Milhares de palestinos entraram no Egito para comprar alimentos e combustível, furando bloqueio israelense

Reuters,

23 de janeiro de 2008 | 07h28

Militantes palestinos explodiram um muro entre Gaza e o Egito e milhares de palestinos entraram no país para comprar alimentos e combustível nesta quarta-feira, 23. Os bens essenciais se tornaram escassos no país depois que Israel bloqueou o acesso ao território. Moradores de Rafah, ao sul da Faixa de Gaza, disseram que um grupo de militantes, incluindo membros do Hamas, realizaram uma série de explosões durante a madrugada, demolindo cerca de 200 metros do muro da fronteira. O Hamas negou envolvimento na ação. Nos últimos meses, a fronteira tem estado praticamente fechada, num acordo entre Israel e Egito. "Trouxe tudo o que preciso para a casa para os próximos meses. Comprei comida, cigarros e até diesel para o meu carro", contou Mohammed Saeed, um dos palestinos que entraram no país. Segundo testemunhas, a polícia do Egito, mobilizada para reforçar a segurança na fronteira, ficou praticamente imóvel e permitiu aos palestinos passar. Na terça-feira, 22, Israel aliviou o bloqueio temporariamente, permitindo que fossem levados remédios e combustível para Gaza.   O governo israelense mostrou preocupação com os eventos na fronteira e pediu ao Egito que restabeleça a segurança.
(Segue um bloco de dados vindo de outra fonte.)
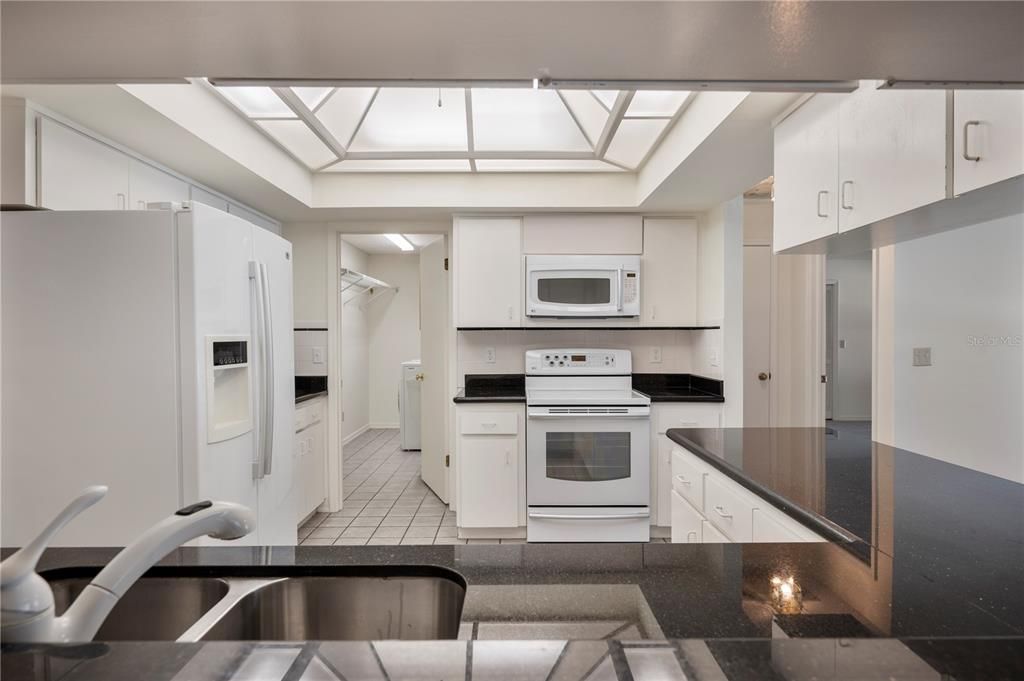 For Sale: $425,000 (3 beds, 2 baths, 2562 Square Feet)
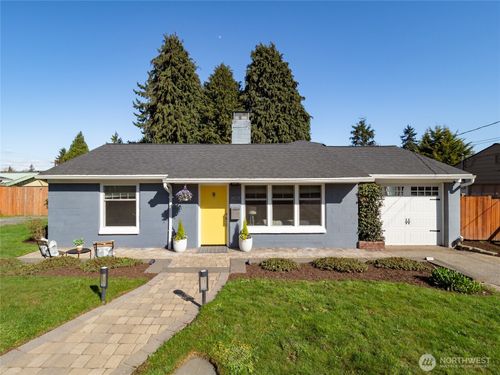 9808 Linden Ave N, Seattle, WA, 98103-3252 | Card Image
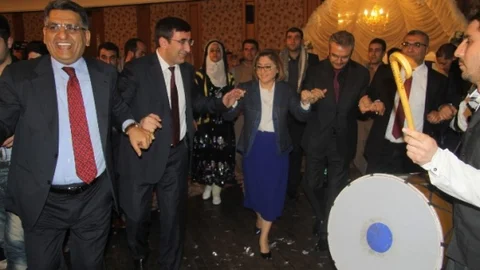 Bakan Yılmaz Kürtçe Şarkılar Eşliğinde Halay Çekti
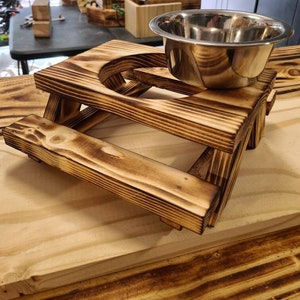 Squirrel Picnic Table Feeder with Metal Bowl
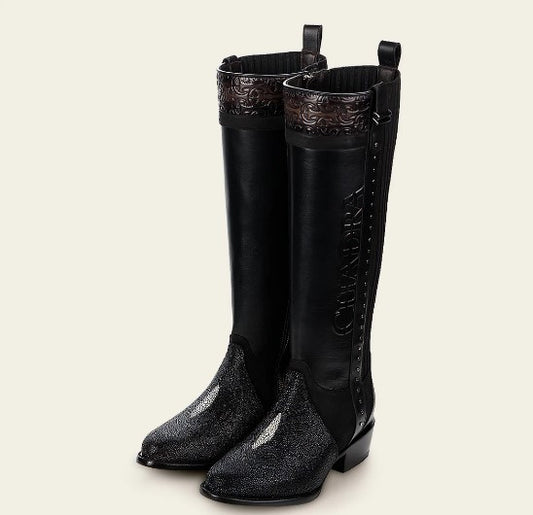 Bota casual en piel genuina de mantarraya para dama.
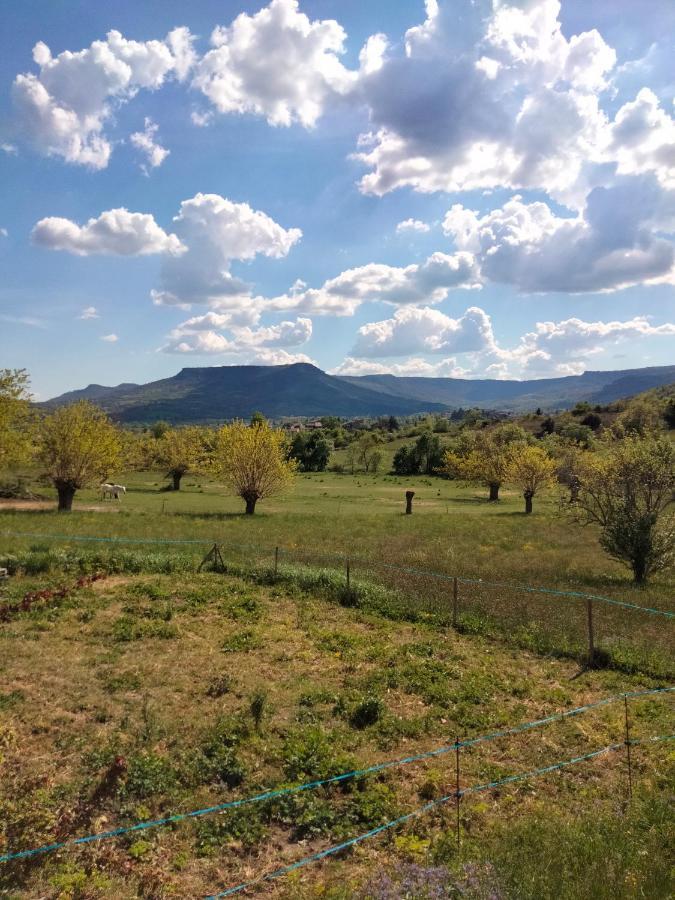 Отель La Grange De Sabatas Chomerac Экстерьер фото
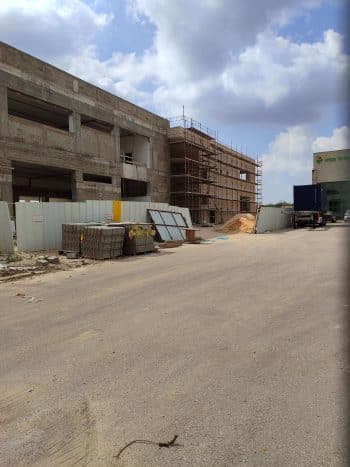להשכרה בניין לאחסנה ותעשייה באוזר התעשייה בר לב, עכו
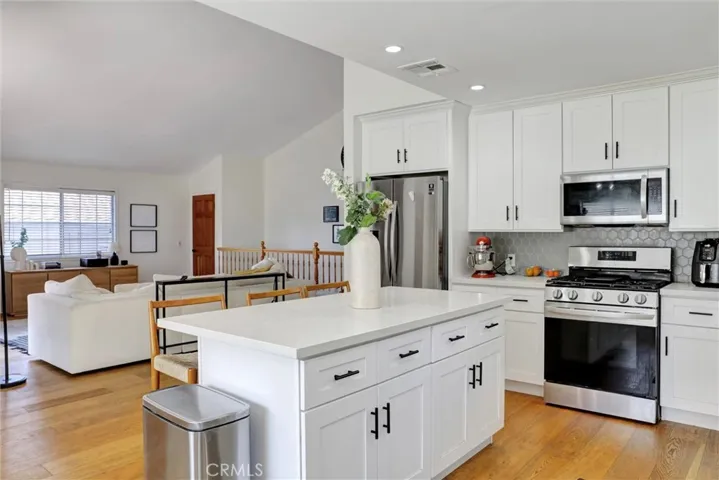 4265 Yosemite, Los Angeles, California 90065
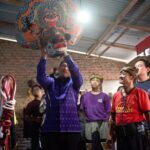 Para Artis Film ‘Hati Suhita’ Kunjungi Kediri, Wali Kota Ajak Belajar Mainkan Pecut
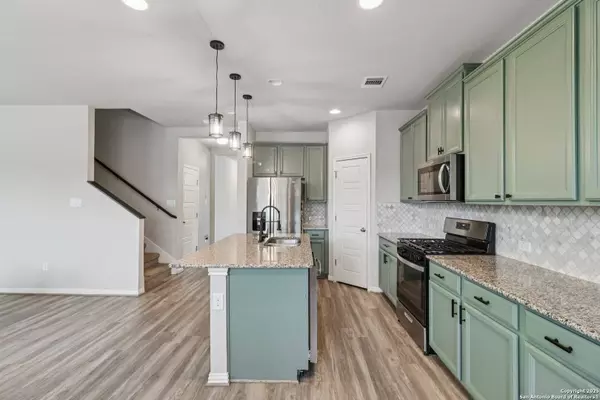 8815 Straight Oaks, San Antonio, TX 78254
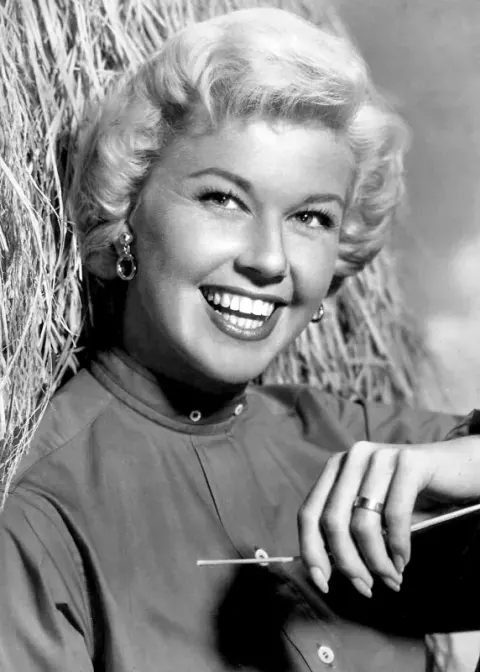Doris Day (1957)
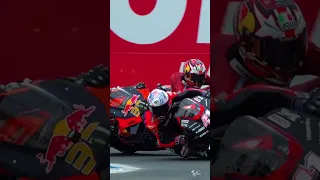 Aleix Espargaro's awesome overtake at Assen's final chicane! 🔥 | 2022 #DutchGP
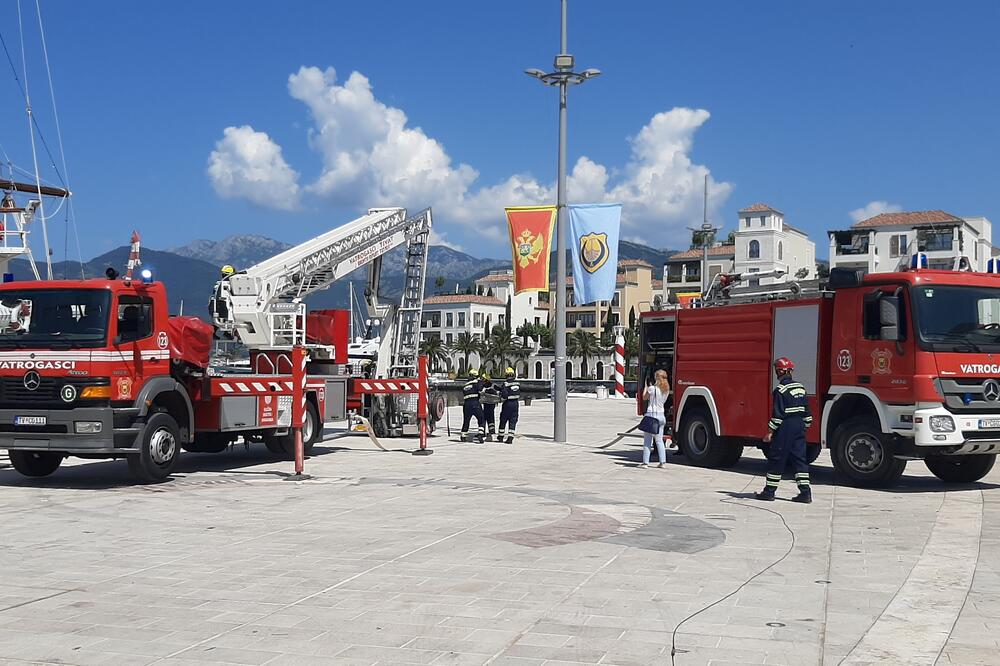 Tivatski vatrogasci, Foto: Siniša Luković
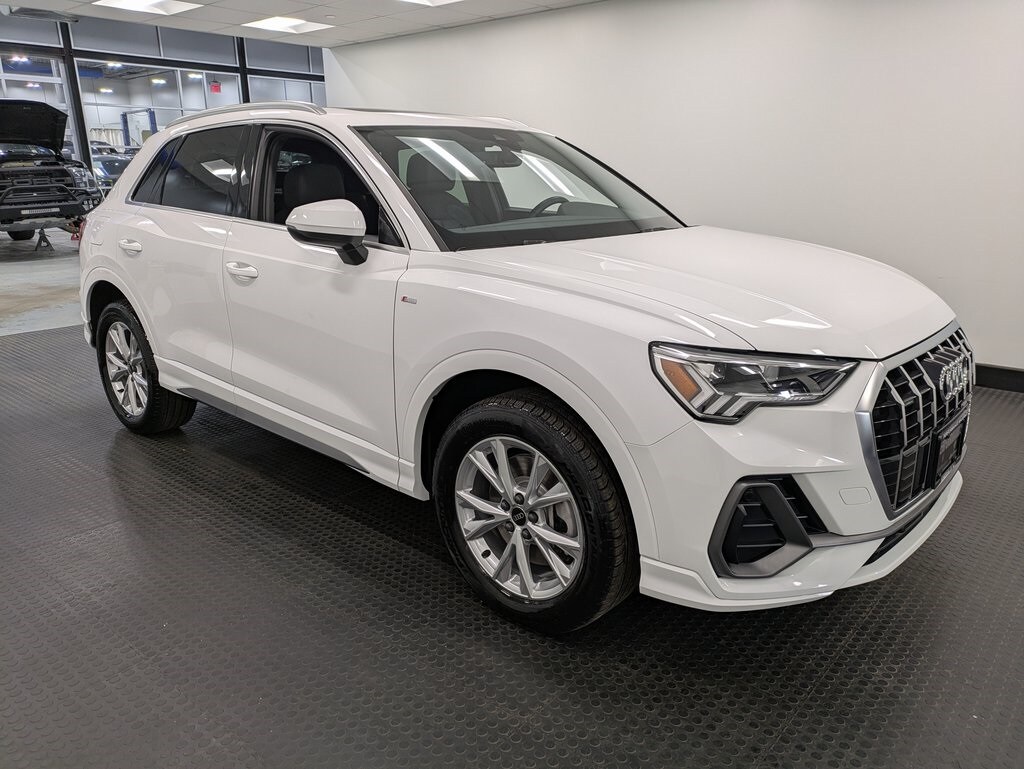 2024 Audi Q3 Premium S line photo 3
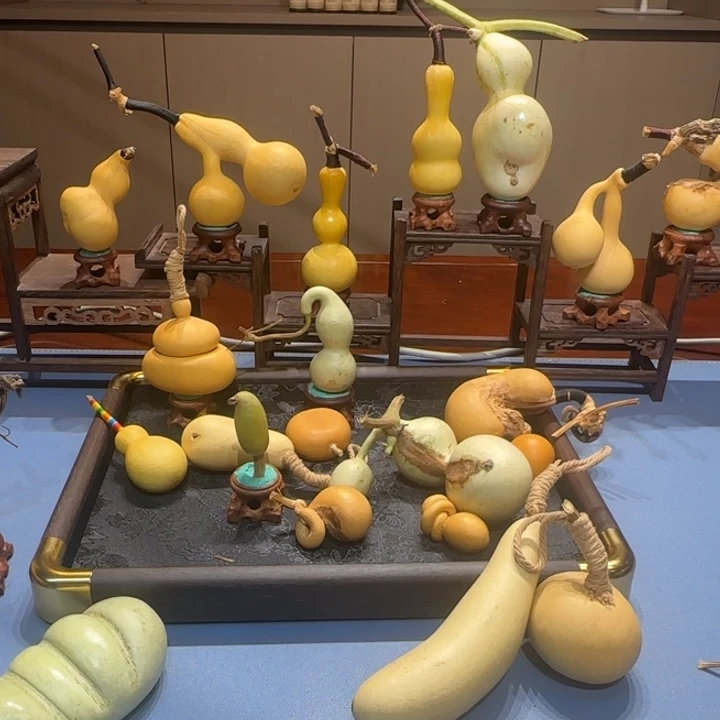 L***g葫芦哈哈哈哈哈哈哈哈哈好哈哈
A secretária de Estado americano, Condoleezza Rice, declarou que os Estados Unidos esperam ver estabilidade na região, porém "o mais importante é que os interesses israelenses e as preocupações humanitárias em Gaza estejam de encontro".       Na semana passada, Israel fechou sua fronteira com a Faixa de Gaza, controlada pelo Hamas, cortando o suprimento de combustível para a principal usina de energia do território e para postos de gasolina, além de ter barrado entrega de ajuda à região, que inclui alimentos e outros suprimentos humanitários. Enviados palestinos e israelenses já haviam se confrontado durante um debate sobre o bloqueio israelense no Conselho de Segurança da ONU na terça feira, 22. Israel alega que o bloqueio foi necessário para impedir o lançamento de foguetes por militantes palestinos contra o sul de seu território.